I want to explain to you how and why a strength can become a weakness. Whilst it’s important to recognise your strengths, some athletes don’t use their strengths to their full potential. I see athletes become frustrated and annoyed when their strengths aren’t working for them, and when that continues it’s natural to feel helpless and lose confidence in their ability. Take Andy Roddick for example, I remember watching him play Roger Federer and few years ago and you could see Andy striving to hit his serve (his strength) harder and harder and when Federer kept returning
them, Andy looked as though he didn’t know what else to do. Obviously Federer is a champion tennis player but I want you to think of this example and see how it relates to you at all.
There are two main reasons for athletes using their strengths too much. The first is enjoying strengths so much that they want to keep using it even if the situation dictates that it would be helpful to use a different skill. The second is using strengths to avoid weaknesses. These two reasons are subtly different and therefore its important to foster two different psychological skills to enhance the effectiveness of strengths.
Firstly, it’s important to learn how to delay gratification (or learn patience). Although athletes want to hit their favourite shots most the time because it feels good, learning how to sit with (and not give into) the urge to ‘feel good’ is important.
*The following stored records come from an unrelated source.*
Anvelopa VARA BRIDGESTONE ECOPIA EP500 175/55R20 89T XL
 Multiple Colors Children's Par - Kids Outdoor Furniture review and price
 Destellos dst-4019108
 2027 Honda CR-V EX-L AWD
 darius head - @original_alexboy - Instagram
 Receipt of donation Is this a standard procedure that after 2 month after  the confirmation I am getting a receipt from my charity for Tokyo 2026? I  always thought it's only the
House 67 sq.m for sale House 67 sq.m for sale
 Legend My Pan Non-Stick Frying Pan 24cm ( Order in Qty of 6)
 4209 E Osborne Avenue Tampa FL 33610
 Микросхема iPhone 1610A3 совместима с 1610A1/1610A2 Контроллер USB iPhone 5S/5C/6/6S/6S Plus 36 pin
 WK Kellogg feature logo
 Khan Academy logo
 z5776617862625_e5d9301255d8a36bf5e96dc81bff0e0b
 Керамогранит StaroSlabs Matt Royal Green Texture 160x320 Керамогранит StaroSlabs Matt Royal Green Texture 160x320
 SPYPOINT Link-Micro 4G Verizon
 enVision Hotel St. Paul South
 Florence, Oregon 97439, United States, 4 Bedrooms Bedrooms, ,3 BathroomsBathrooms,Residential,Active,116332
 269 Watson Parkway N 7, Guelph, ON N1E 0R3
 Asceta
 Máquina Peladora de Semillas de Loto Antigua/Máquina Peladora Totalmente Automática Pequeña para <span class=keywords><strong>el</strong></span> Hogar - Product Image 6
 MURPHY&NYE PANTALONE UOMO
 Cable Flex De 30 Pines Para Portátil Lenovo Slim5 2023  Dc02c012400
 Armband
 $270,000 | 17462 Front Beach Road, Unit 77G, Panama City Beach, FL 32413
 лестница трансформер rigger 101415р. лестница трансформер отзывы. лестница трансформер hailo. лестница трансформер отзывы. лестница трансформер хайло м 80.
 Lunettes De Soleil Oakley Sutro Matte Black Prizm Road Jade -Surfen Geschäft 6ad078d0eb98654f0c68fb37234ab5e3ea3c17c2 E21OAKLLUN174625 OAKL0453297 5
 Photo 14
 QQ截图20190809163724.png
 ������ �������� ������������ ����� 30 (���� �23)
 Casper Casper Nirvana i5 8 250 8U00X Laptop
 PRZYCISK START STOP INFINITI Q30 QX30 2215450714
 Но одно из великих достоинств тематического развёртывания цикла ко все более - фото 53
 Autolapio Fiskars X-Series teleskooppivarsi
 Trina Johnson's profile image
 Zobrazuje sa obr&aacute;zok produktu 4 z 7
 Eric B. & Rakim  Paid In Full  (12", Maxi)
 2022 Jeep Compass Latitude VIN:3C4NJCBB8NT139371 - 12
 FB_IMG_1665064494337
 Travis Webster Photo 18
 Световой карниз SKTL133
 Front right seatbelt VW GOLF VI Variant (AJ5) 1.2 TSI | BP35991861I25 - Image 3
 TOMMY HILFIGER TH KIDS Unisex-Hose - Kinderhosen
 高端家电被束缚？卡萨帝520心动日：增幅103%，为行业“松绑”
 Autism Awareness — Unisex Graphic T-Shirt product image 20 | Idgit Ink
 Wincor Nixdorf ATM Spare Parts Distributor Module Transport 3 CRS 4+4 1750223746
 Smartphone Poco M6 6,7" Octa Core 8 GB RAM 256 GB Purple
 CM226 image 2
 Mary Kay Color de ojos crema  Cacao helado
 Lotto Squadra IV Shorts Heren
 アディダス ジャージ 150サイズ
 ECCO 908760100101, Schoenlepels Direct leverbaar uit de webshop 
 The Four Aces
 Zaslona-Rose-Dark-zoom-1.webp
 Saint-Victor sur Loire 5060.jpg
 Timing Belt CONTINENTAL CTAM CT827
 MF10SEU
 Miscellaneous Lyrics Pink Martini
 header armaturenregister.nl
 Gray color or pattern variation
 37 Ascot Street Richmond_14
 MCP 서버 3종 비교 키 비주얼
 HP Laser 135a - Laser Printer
Remember that overuse of your strength can weaken it’s effect on the opponent. There are some great psychology studies and research that shows how delaying gratification is related to improved performance! Check out ‘delaying gratification zimbardo’ on Youtube.
For athletes that use their strengths to hide their weaknesses, it is important to look at how well that is actually working for their performance. Does it lead to inconsistent performance? Losing to the same opponent? Is it causing anger and anxiety? It’s important for athletes to acknowledge their weaknesses (this makes them stronger mentally, not weaker) and create a plan to strengthen their weakness.
Roger Federer said ‘Thanks to all my opponents over the years who have played a million balls to my backhand, it’s actually gotten pretty good. I can really thank them in a big way for improving my backhand.’ He didn’t shy away from his weakness, and although some argue it is still his weakness, think about what sort of a player he would be if had continually used his strength and didn’t gave into the urge to continually run around his backhand.